Although, some nights when I’m on the threshold of sleep, the image of Dylan and Serena enters my mind. My breaths get faster, and my tears start surfacing, and I have to blink my way out of it. It feels like I am trying to escape from a pitch black abyss but I have no idea where the freaking exit is. Like I am running towards an exit which doesn’t exist. Thinking about them makes me wonder why people ever do bad things.

It’s Friday afternoon and I’m sitting agitatedly in Religion class, staring at the clock. I can’t wait for school to finish, I’ve arranged a get together at my house after school which you could say has a sole purpose of helping Kit with his plans to seduce Evie or whatever, but I really just want to hang out with all my friends. But I feel a little guilty because Evie is dating Noah, and I like Noah. Well, I guess I’m only slightly aiding Kit by putting him in the same room as her. Noah and Eves are on rocky grounds, anyway.

 

When last period is finally over, I meet Evie by her trusty Lexus in the student parking lot and she takes us on the five minute drive to my house.

Before everyone arrives we decide to touch up our makeup and fluff up our hair, which fundamentally, results in Evie and I fighting over the blow dryer. After a few minutes, we hear a ring and when I answer the door I’m surprised to see that Scott is punctual, sexily smirking as he always does. He greets us before giving me a resonant hug and kisses Evies hand before she swats him.

 

Within the next fifteen minutes, Wanda, Noah, and Kit arrive and the banter is as prominent as ever. We begin to play truth or dare and I groan when the bottle just so happens to point at me.
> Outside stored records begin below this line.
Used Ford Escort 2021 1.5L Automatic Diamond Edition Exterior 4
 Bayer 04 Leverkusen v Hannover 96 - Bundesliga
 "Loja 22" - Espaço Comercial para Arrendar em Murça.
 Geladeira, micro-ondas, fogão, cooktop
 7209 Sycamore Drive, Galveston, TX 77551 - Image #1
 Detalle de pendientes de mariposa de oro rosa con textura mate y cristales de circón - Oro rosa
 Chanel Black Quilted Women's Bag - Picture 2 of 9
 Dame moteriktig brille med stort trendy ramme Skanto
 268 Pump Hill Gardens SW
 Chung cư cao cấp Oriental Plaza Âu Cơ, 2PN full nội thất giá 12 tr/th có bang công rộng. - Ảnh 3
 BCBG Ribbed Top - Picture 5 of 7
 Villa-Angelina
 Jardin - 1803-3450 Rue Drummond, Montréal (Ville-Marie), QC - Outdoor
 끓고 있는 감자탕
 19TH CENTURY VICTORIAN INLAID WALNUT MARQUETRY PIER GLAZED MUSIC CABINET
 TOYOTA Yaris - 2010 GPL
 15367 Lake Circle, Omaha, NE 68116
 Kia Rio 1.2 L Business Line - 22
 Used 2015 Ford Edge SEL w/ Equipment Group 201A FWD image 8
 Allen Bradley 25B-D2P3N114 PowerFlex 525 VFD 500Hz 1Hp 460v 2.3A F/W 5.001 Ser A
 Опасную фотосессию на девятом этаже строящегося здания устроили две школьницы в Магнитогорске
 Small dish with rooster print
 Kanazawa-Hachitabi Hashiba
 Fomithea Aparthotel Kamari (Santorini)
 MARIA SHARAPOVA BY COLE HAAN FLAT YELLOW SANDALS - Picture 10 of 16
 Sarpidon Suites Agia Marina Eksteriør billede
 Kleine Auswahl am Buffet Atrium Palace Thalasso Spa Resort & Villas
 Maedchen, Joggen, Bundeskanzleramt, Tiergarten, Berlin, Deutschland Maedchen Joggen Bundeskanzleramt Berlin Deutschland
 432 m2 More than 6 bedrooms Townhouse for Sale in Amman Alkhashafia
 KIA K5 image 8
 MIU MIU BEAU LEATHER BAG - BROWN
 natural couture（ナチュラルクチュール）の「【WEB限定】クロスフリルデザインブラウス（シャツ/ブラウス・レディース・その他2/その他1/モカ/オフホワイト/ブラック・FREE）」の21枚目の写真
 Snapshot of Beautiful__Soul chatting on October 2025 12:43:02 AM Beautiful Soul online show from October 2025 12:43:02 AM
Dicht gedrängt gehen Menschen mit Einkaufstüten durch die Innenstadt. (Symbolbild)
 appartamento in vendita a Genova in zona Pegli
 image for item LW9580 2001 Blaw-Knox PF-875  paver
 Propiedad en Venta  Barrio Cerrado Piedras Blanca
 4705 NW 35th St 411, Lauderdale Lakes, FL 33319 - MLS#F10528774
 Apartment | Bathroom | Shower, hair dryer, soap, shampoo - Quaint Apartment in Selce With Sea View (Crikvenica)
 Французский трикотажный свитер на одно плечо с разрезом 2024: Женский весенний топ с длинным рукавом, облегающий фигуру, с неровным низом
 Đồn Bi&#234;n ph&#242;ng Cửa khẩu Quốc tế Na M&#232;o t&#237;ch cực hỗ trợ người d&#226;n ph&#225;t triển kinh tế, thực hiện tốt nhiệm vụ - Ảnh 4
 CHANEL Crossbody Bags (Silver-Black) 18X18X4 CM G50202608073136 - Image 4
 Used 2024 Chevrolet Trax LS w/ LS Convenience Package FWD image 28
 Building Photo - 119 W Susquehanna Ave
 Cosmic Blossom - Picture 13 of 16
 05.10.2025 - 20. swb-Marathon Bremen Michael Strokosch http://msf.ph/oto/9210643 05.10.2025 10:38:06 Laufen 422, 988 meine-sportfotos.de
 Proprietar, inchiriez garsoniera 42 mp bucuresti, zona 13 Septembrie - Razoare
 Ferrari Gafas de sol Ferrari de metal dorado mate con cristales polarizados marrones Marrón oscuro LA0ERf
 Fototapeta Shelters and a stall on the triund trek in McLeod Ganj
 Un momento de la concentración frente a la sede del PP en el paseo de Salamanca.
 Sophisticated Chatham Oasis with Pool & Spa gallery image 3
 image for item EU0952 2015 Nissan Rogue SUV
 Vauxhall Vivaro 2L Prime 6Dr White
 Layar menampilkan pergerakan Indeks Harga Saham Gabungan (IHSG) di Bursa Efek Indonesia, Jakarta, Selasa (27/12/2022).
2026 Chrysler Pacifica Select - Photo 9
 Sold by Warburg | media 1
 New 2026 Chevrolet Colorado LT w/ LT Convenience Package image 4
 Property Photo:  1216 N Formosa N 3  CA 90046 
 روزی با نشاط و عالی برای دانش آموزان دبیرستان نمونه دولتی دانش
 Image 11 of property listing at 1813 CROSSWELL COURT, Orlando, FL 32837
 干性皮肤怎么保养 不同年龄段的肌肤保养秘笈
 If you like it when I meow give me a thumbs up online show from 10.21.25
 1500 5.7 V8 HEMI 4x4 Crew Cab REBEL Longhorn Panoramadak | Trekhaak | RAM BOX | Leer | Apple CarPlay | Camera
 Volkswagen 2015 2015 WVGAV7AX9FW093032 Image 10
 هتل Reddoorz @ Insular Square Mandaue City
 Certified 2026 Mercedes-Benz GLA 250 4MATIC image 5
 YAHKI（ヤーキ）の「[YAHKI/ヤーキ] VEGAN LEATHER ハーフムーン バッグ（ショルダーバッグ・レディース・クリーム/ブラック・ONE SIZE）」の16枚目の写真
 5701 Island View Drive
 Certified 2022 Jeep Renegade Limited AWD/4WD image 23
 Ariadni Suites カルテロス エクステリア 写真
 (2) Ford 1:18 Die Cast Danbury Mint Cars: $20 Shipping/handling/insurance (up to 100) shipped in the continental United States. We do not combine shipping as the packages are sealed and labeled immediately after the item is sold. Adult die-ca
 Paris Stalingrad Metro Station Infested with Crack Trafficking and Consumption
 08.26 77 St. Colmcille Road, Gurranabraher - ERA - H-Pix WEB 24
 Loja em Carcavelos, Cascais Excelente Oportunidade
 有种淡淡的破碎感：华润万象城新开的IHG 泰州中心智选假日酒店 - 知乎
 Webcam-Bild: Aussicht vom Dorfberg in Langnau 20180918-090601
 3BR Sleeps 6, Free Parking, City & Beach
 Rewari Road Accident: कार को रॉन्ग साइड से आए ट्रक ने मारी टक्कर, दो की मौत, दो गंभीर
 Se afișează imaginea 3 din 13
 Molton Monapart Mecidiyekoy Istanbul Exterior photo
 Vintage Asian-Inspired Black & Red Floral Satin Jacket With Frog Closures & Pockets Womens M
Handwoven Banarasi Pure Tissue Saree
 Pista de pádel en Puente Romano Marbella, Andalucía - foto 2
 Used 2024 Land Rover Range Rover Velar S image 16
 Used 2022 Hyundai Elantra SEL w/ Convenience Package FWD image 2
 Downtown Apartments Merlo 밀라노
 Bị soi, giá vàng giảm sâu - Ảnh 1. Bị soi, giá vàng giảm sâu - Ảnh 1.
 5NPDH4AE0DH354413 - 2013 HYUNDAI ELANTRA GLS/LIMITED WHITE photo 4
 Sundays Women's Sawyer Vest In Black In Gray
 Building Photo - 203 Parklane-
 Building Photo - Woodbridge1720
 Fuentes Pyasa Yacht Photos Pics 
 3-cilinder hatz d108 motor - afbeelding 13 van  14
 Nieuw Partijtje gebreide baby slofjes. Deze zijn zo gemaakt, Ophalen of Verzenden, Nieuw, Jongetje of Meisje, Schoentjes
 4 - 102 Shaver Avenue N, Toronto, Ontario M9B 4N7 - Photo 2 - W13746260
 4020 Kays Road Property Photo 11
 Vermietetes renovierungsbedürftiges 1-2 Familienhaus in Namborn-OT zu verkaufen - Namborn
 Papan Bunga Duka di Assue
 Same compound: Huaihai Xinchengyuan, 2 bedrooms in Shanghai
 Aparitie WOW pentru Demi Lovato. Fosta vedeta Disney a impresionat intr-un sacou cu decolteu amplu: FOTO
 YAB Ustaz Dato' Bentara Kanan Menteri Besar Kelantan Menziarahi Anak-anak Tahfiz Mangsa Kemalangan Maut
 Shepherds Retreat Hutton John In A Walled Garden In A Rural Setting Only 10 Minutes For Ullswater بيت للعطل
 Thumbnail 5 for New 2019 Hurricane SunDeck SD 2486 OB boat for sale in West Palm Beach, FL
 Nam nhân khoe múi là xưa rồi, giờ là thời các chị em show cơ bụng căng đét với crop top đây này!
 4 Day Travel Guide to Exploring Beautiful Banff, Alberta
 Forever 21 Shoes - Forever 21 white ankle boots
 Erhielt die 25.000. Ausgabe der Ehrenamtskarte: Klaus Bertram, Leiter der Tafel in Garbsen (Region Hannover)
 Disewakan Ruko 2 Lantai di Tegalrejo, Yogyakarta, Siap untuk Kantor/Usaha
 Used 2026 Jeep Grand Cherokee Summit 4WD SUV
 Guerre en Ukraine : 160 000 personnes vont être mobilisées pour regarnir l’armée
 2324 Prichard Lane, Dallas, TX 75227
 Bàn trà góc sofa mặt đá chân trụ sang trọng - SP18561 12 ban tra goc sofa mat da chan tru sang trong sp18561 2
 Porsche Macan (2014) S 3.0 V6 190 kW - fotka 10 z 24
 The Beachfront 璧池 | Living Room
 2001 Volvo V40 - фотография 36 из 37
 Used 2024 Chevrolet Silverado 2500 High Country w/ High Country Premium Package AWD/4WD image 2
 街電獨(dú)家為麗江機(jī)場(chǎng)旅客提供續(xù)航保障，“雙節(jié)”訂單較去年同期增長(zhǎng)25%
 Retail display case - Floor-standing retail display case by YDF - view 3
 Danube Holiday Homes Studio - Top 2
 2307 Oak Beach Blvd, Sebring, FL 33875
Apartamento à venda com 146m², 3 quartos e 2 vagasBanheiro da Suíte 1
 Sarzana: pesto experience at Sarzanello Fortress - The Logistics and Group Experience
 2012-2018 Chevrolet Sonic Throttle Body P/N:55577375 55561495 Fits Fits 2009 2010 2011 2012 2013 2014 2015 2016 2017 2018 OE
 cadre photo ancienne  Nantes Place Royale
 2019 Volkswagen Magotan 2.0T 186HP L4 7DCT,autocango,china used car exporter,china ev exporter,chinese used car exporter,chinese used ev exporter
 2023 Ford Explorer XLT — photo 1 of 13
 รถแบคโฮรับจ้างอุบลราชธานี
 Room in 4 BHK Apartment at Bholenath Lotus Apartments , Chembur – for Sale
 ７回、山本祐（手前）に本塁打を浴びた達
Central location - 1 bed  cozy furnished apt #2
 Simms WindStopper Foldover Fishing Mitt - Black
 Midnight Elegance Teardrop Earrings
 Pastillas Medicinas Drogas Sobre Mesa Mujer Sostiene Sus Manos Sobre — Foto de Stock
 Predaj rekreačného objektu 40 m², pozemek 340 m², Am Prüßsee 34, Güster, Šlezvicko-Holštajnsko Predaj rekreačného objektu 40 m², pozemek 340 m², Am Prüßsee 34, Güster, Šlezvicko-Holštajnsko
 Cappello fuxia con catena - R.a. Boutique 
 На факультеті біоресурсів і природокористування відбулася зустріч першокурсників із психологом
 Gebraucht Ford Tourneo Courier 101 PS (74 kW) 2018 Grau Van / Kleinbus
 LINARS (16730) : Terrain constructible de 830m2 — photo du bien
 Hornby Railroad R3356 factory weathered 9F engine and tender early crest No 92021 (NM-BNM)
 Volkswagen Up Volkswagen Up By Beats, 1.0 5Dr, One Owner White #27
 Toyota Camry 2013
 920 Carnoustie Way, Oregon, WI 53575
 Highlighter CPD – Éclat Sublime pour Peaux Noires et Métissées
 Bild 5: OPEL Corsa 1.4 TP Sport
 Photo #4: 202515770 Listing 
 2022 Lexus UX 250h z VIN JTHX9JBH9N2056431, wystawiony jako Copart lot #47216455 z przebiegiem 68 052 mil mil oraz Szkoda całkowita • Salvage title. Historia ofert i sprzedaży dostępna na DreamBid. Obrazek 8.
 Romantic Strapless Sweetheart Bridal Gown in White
“Truth,” I sigh as everyone chuckles and sniggers. Wanda hmms before speaking.

“How far did you go with Dylan?” I wince inwardly at the sound of his name. This question is a little personal but we’re over and he’s the biggest dick ever. We’ve gotten up to second base which, for our school, is deemed to be minimal. Hence why I class almost everyone as barbie-sluts.

I’m still thinking. Maybe I shouldn’t keep what we’ve done a secret, but I don’t want to sound like a prude. But why should I care what people think of me anyway? My mind shoots back and forth deciding on whether to spill or not. Before anyone can suspect I’m hiding anything, I speak.

“We, uh,” I gulp. “You know.”

“No, I don’t know what you’re talking about, Sky. Could you please explain further?” A condescending Evie bats her eyelashes at me and I grit my teeth.

“We went all the way.”

“What, like went all the way to Disneyland?” She jokes and I roll my eyes at her. I begin to wonder why, like the many other times I have before, I’m best friends with Evie James.

“Okay, Evie, that’s enough.” Scott’s jaw clenches and she shrugs. Everyone looks uncomfortable. I think Evie may have pushed for an answer because I didn’t tell her I had sex with Dylan. Even though though I actually didn’t. God, lying to friends is the worst.